Debate begins on facial recognition laws

Karen Sweeney
(Australian Associated Press)


Government agencies, banks and phone companies could use facial recognition to identify customers under new laws being put forward by the federal government.

Home Affairs Minister Peter Dutton says proposed identity matching services laws were agreed in a meeting of state and territory leaders with Prime Minister Malcolm Turnbull in October.

Drivers licence photos and data would be stored by the Department of Home Affairs for the purpose of identifying Australians, while passport laws are also proposed to be amended to allow the use of that data too.

Foreign Minister Julie Bishop says passport data would be shared for national security purposes and would allow agencies to detect fraud or security concerns in real time.

“(These services) will help protect Australians by making it easier for security and law enforcement agencies to identify people who are suspects or victims of terrorist or other criminal activity while maintaining privacy safeguards,” she said.

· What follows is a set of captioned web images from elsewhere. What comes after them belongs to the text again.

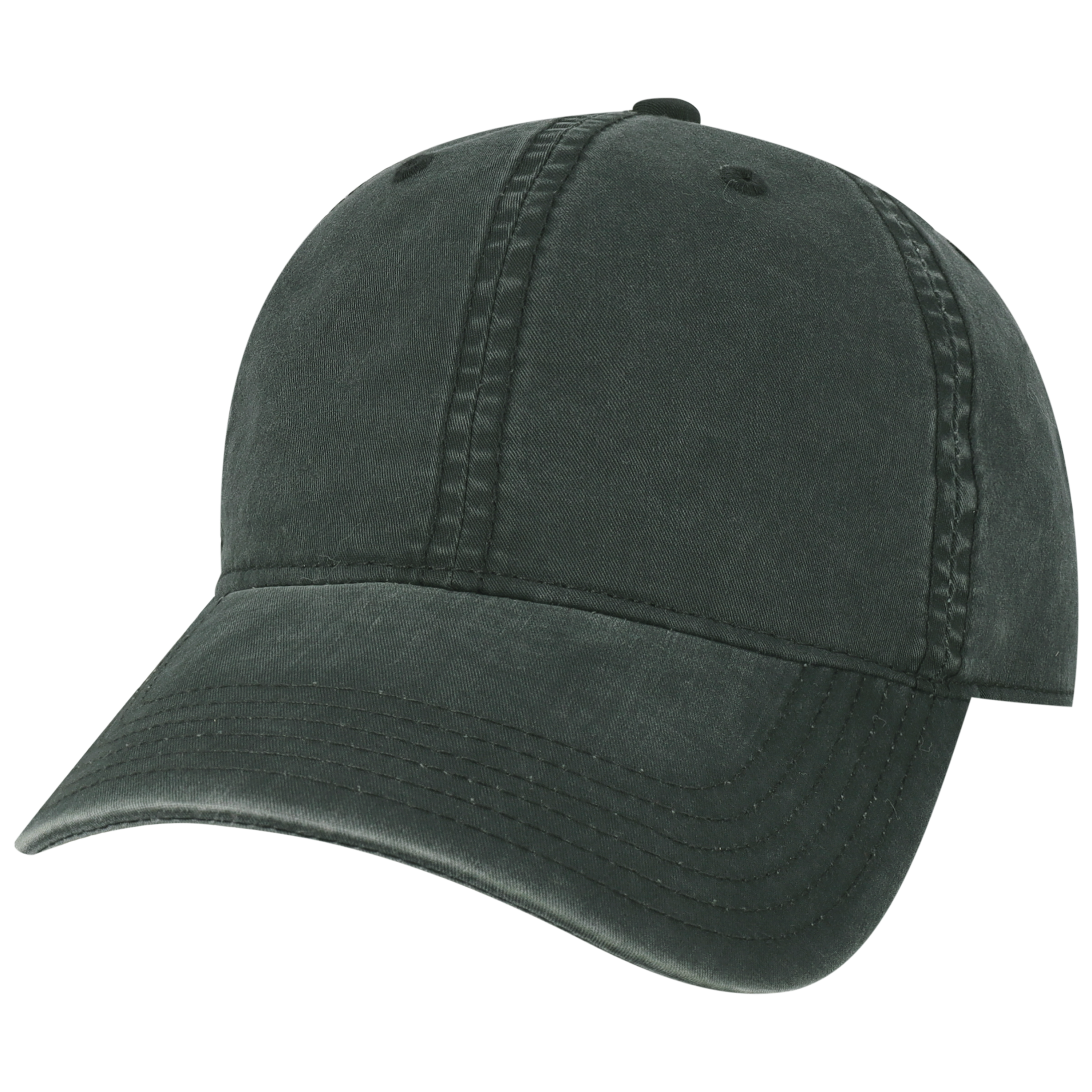 Terra Twill Relaxed Adj Hat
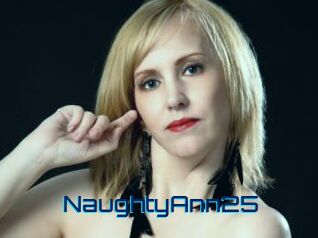 NaughtyAnn25 Vidéos de Cul FR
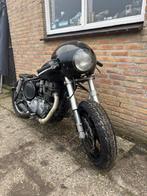 Honda cm 400, Motoren, Onderdelen | Honda, Ophalen, Gebruikt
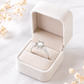 Anillo Plata de Ley Ajustable Gatito Plata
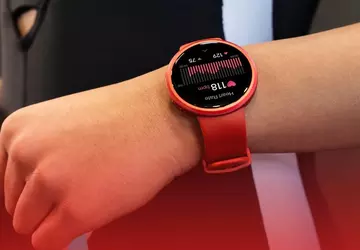 Zaprezentowano budżetowy tracker fitness Reebok Rush ...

It would be particularly important for protecting Australians at large-scale events like the upcoming Commonwealth Games, she said.

Under the overarching identity matching legislation certain information including political opinions and religious beliefs would be excluded from data collection, Mr Dutton said.

“This is to ensure the department may only collect and use and disclose those types of information that are reasonably necessary in order to provide the identity matching services,” Mr Dutton told parliament on Wednesday.

The service would initially be used by the public sector, but later be rolled out to private services including banks and phone companies, but only with the consent of the person whose identity is being verified.